Zum Buch:
Wer sich in diesem Buch mit dem großen Literaten Tabucchi auf Reisen begibt, lustwandelt nicht nur an seiner Seite auf Kreta, in Paris, Pisa, Indien oder Kyoto. Er betritt zugleich das weite Land der Fiktion, zuweilen auch die Fiktion des einen oder anderen Landes. Denn dieses Buch – eines, in dem man dem Autor in persona zu begegnen meint – ist nicht nur “ein Buch über das Reisen”, sondern auch “ein Buch über die Reise zur Kunst.”
Tabucchis erste Reise, von der er hier erzählt, führte ihn rund um die Welt, während er – im Kindesalter –Stevensons Schatzinsel in seinem Atlas suchte. Vielleicht ist es aber auch ganz anders gewesen und dieser erste Essay in dem Buch, das mit seinen Lesern zu anderen Ufern aufbricht, ist Fiktion oder die Verarbeitung einer Erinnerung oder deren Fiktionalisierung oder all das zusammen. Letztendlich wird das nie herausgefunden werden, und es kann uns auch gleich sein. Denn mit dem Essay ist eines gelungen: das Ablegen des Schiffes vom Land, das sich Entfernen des Lesers von der Situation, in der er zu lesen begonnen hat.

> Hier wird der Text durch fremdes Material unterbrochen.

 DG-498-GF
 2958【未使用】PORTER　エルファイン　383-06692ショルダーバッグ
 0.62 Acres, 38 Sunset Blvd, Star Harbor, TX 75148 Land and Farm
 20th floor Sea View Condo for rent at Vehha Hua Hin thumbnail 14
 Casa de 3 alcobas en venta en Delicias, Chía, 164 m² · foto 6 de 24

In der letzten Geschichte des Buches läuft der große Gelehrte und Literat wieder in den Hafen ein und kehrt zurück an Land. Das gelingt ihm, obwohl dieses Mal nicht nur die Erde, sondern das ganze Universum Gegenstand seiner Betrachtung ist. Erzählt wird nach orientalischem Vorbild ein Zwiegespräch zwischen einem Astronomen und einem „Mann ohne Land“, die sich gegenseitig die wichtigsten Dinge ihres Lebens kundtun. Der Astronom weiß unendlich viel über die Erde, die Lichtgeschwindigkeit, das Universum. Was der „Mann ohne Land“ diesem Wissen des Geistes entgegenstellt, ist das Wissen des Herzens, das aus seiner Hände Arbeit mit der Erde erwachsen ist. Welches Wissen nun ist das essentielle?

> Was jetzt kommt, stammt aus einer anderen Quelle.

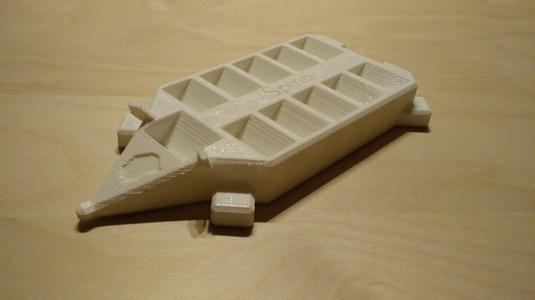 Spino 2 USB Stick Organizer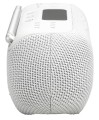 Głośnik JBL TUNER 3 (biały, bezprzewodowy, z radiem FM i DAB+) - 2898439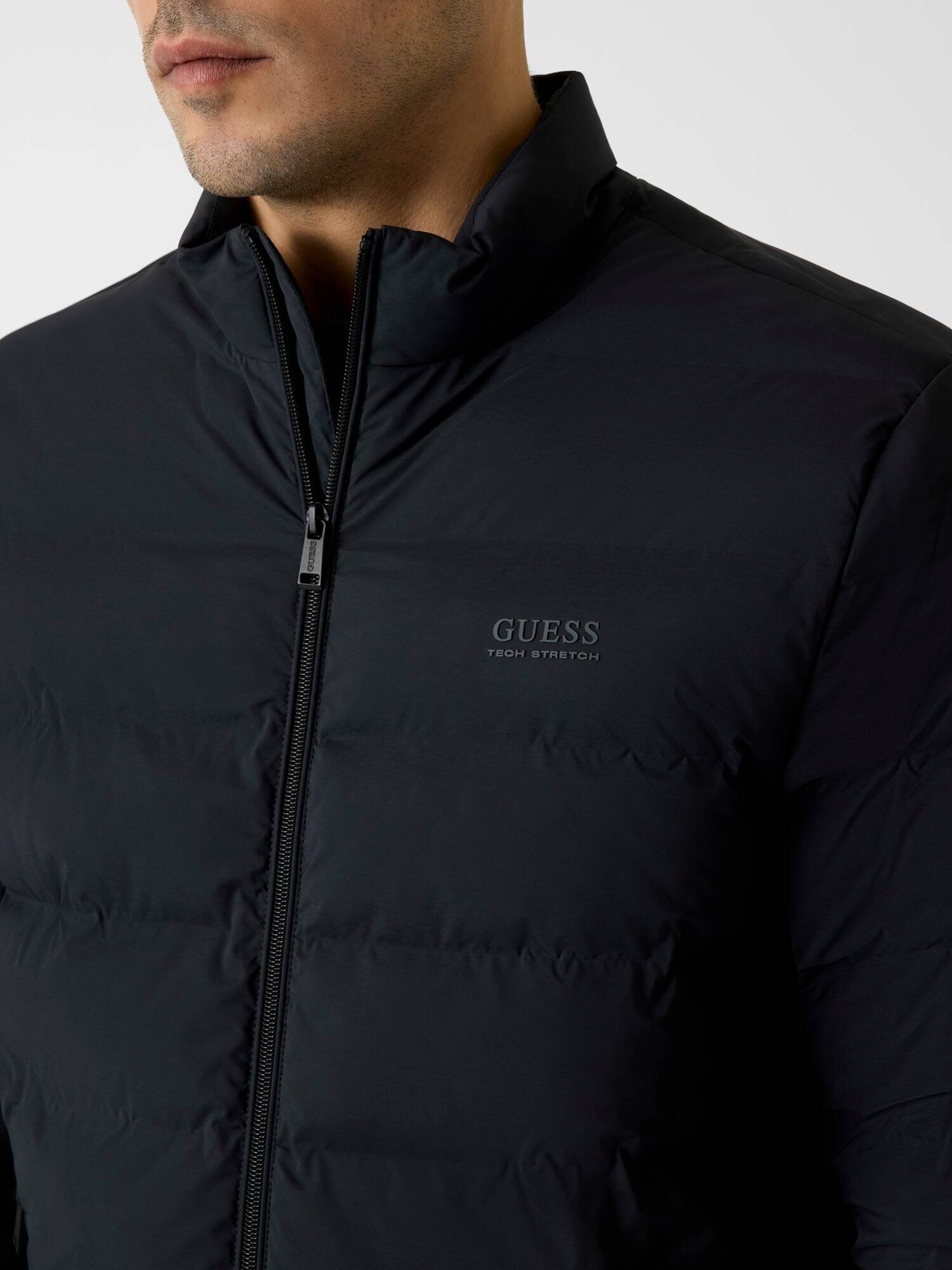 GUESS Geacă | regular fit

Immer wieder und immer wieder anders erzählt dieses Buch von Gedichten als Reisegefährten, von Literatur als Reise oder vom Schreiben als einer „Reise außerhalb von Zeit und Ort“. Man kann darin kreuz und quer und hin und her lesen – in einer Geschichte, in einem Essay stecken so viele Anregungen zum Weiterdenken, dass es für ein ganzes Leben reicht. Zum Reisen mit Antonio Tabucchi braucht man viel Zeit. Aber so lange, wie man in diesem Buch liest, wird es einen auch beglücken.